EXERCISE AIM →
From the line containing "Additional image 4" to the line containing "Cocktail con succo" in the records below, set down every line exactly as it stands, both ends included, and skip the pictures.

GIVEN DATA →
◇ ◇ ◇ ◇ ◇

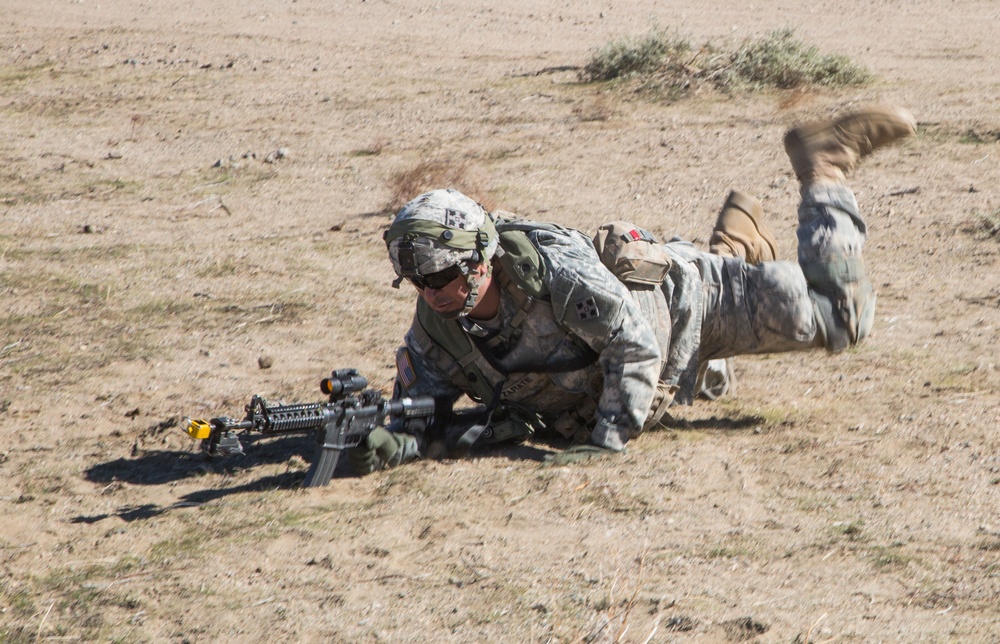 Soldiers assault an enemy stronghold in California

◇ ◇ ◇ ◇ ◇

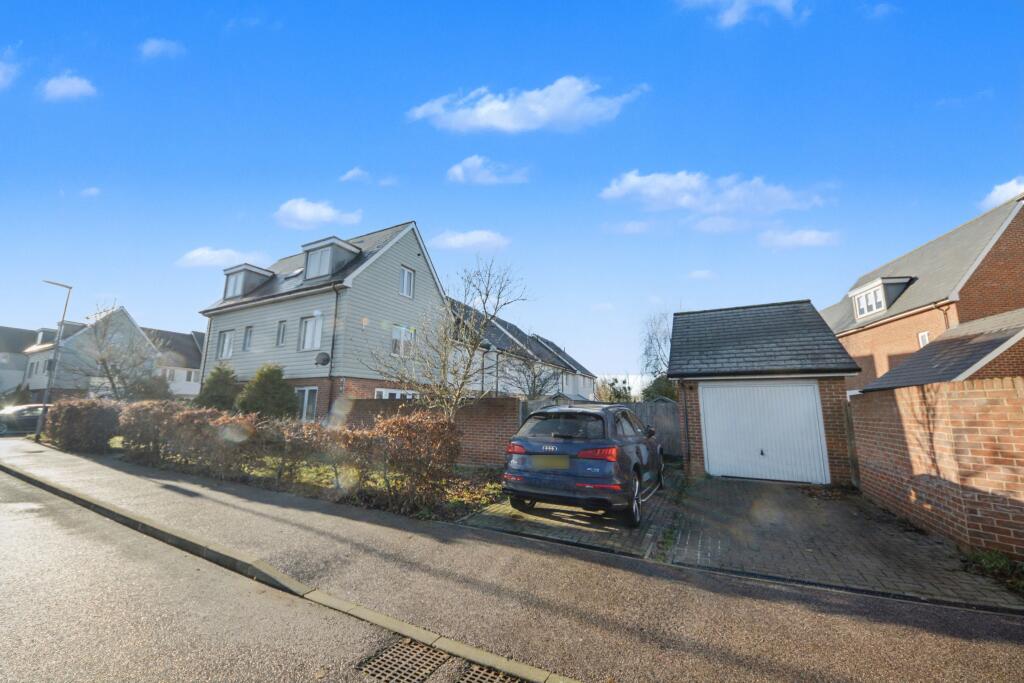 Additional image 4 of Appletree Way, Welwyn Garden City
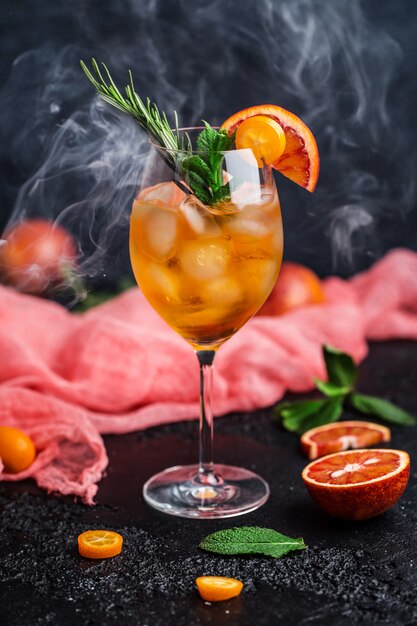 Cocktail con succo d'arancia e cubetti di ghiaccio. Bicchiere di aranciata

◇ ◇ ◇ ◇ ◇

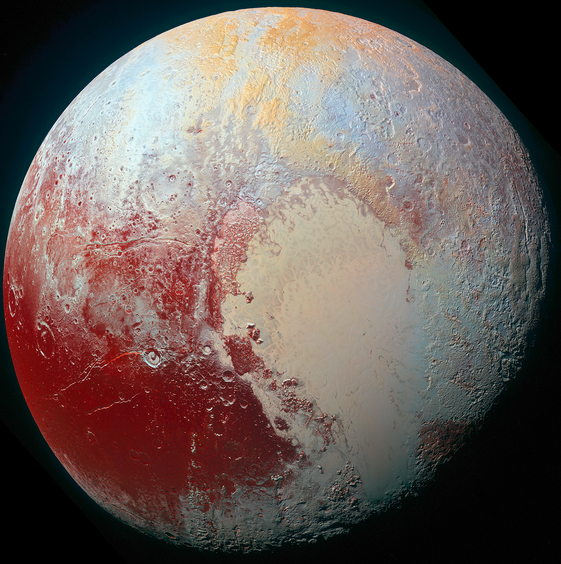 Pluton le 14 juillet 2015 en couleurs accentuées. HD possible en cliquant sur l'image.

◇ ◇ ◇ ◇ ◇

EXERCISE ANSWER →
 Additional image 4 of Appletree Way, Welwyn Garden City
 Cocktail con succo d'arancia e cubetti di ghiaccio. Bicchiere di aranciata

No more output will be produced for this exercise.